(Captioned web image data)
::::

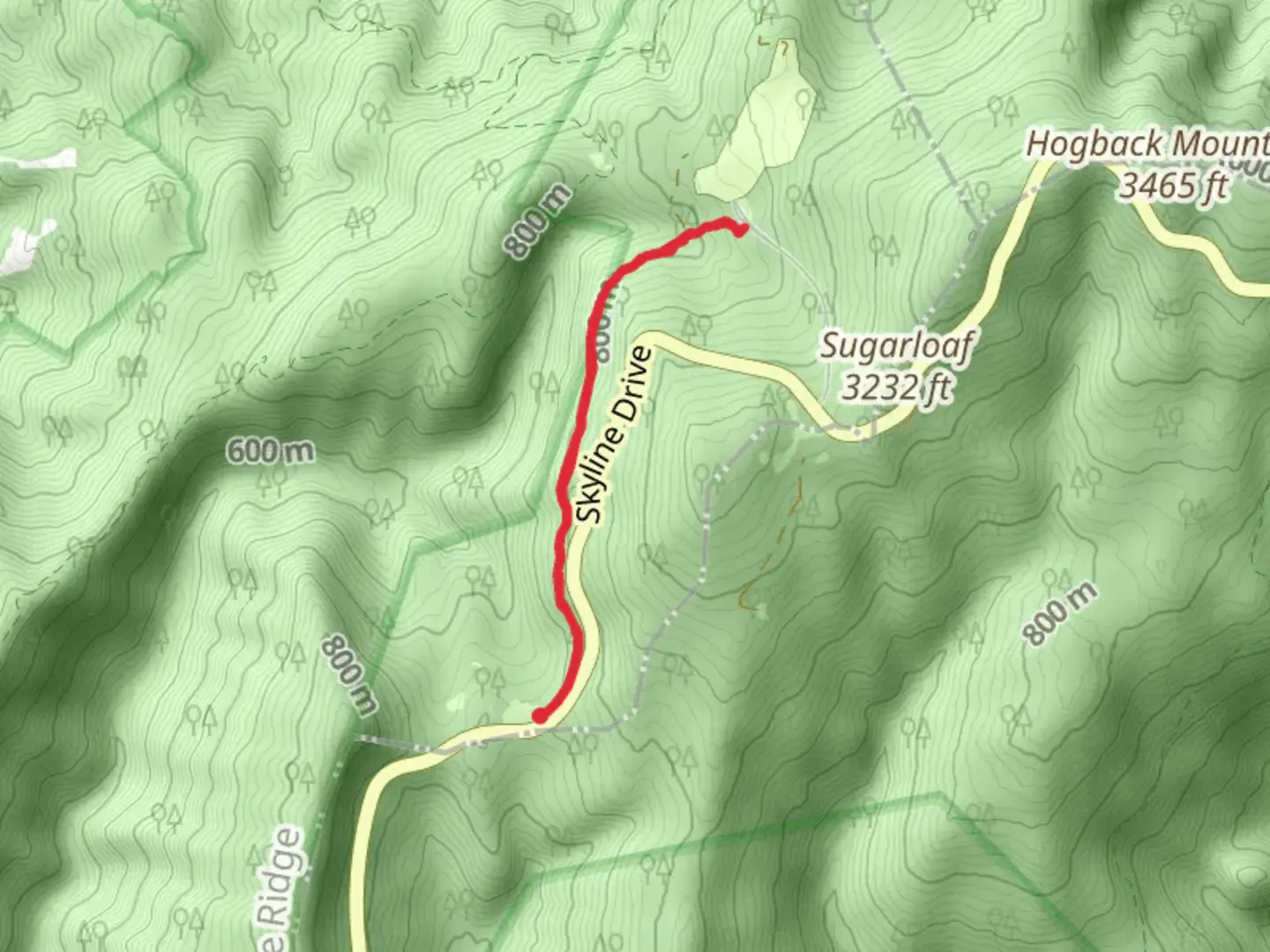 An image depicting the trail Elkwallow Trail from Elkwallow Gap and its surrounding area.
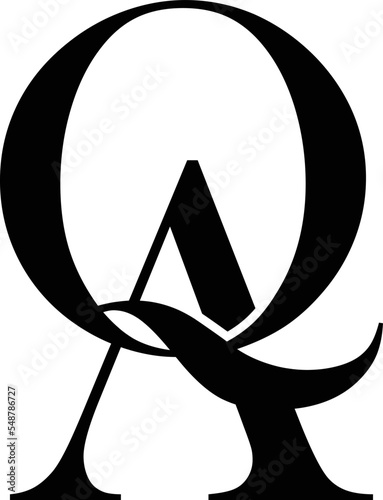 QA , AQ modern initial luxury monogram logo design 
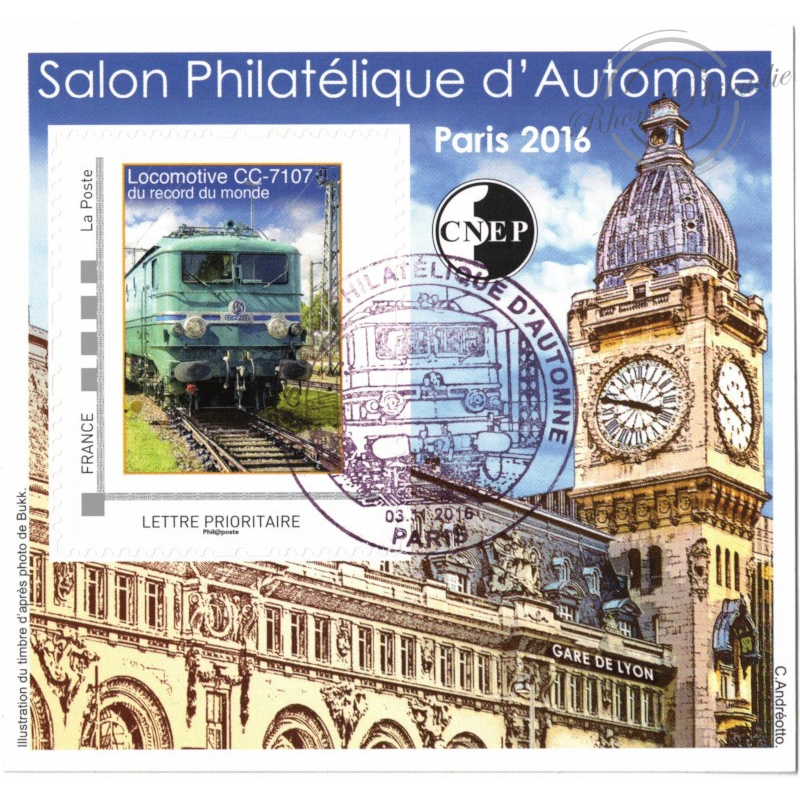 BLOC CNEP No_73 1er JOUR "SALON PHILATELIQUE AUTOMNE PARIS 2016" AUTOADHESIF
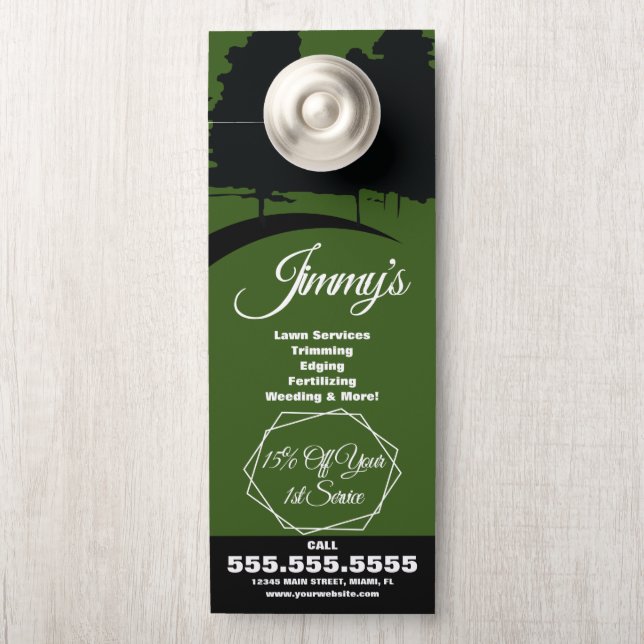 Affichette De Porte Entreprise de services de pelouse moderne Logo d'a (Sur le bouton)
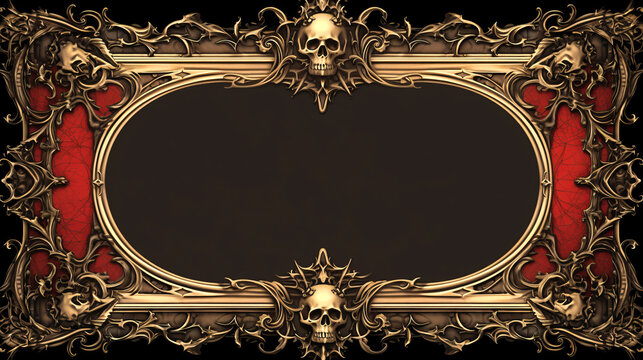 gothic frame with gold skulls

::::

→ The task:
Your answer must be the lines from the opening line of the entries through the line holding "BLOC CNEP No_73", written out exactly and without any picture.

→ Exercise answer:
 An image depicting the trail Elkwallow Trail from Elkwallow Gap and its surrounding area.
 QA , AQ modern initial luxury monogram logo design 
 BLOC CNEP No_73 1er JOUR "SALON PHILATELIQUE AUTOMNE PARIS 2016" AUTOADHESIF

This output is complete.